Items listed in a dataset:
*** Begin section ***
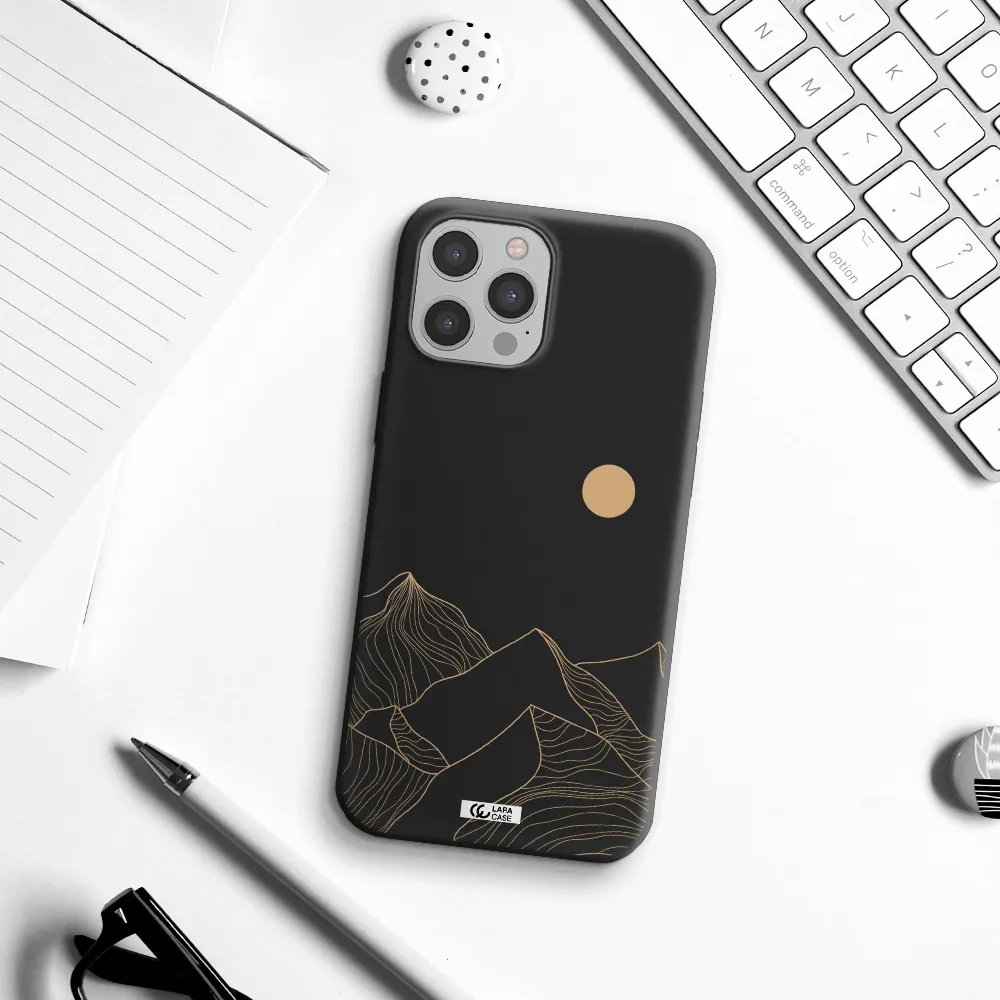 a mountain range with a sun in the background Apple iPhone 12 pro max Silicone black Case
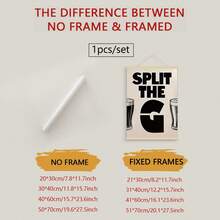 1幅复古啤酒杯帆布墙画海报，印有爱尔兰黑啤语录，饮酒主题墙饰，适用于客厅、办公室、卧室、走廊，无框。 - 彩色 - 查看 2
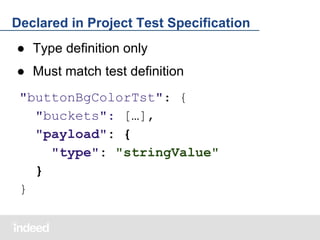 Declared in Project Test Specification
● Type definition only
● Must match test definition
"buttonBgColorTst": {
"buckets": […],
"payload": {
"type": "stringValue"
}
}

 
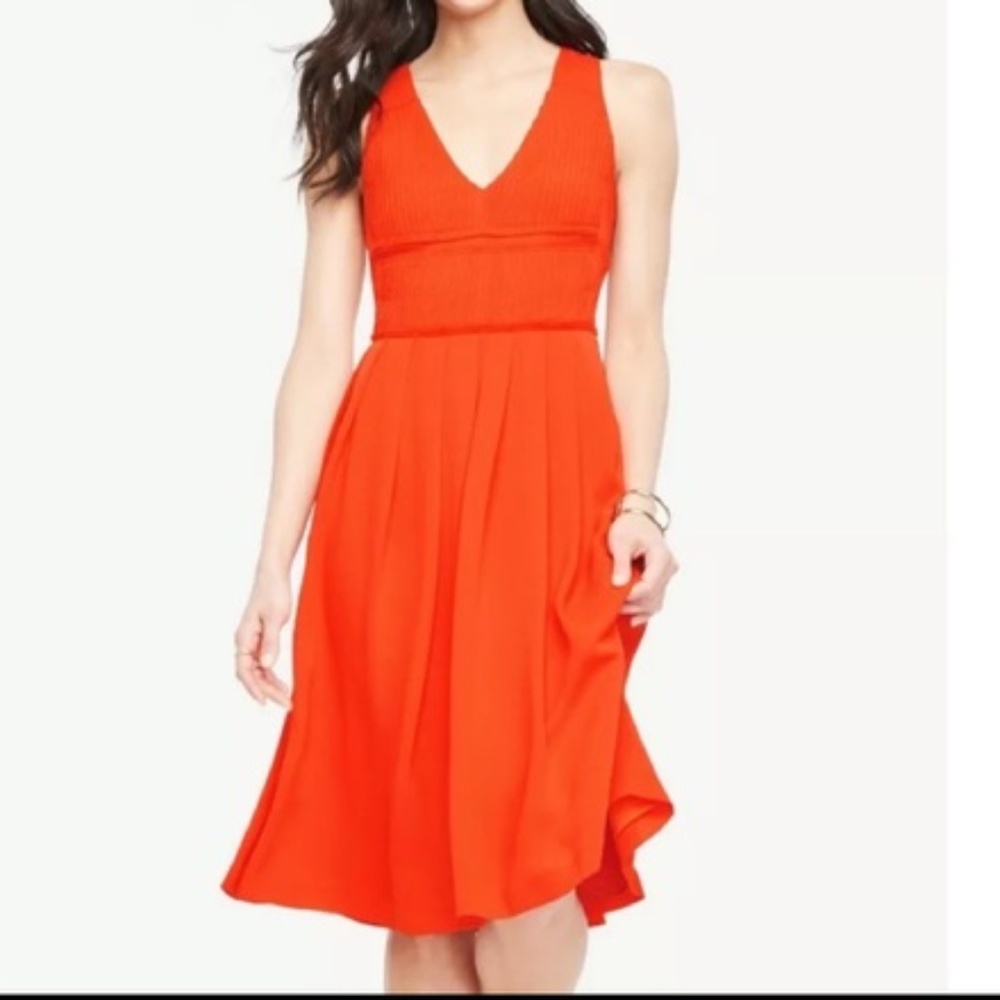 Ann Taylor Crepe Pleated V Neck Flare Dress - 10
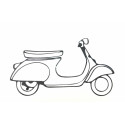 Adhesivo Vespa Sprint, 150S, 160, GT... -Negro-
*** End section ***
Without changing a word, retype every entry above, but drop its pictures.

 a mountain range with a sun in the background Apple iPhone 12 pro max Silicone black Case
 1幅复古啤酒杯帆布墙画海报，印有爱尔兰黑啤语录，饮酒主题墙饰，适用于客厅、办公室、卧室、走廊，无框。 - 彩色 - 查看 2
 Declared in Project Test Specification
● Type definition only
● Must match test definition
"buttonBgColorTst": {
"buckets": […],
"payload": {
"type": "stringValue"
}
}

 
 Ann Taylor Crepe Pleated V Neck Flare Dress - 10
 Adhesivo Vespa Sprint, 150S, 160, GT... -Negro-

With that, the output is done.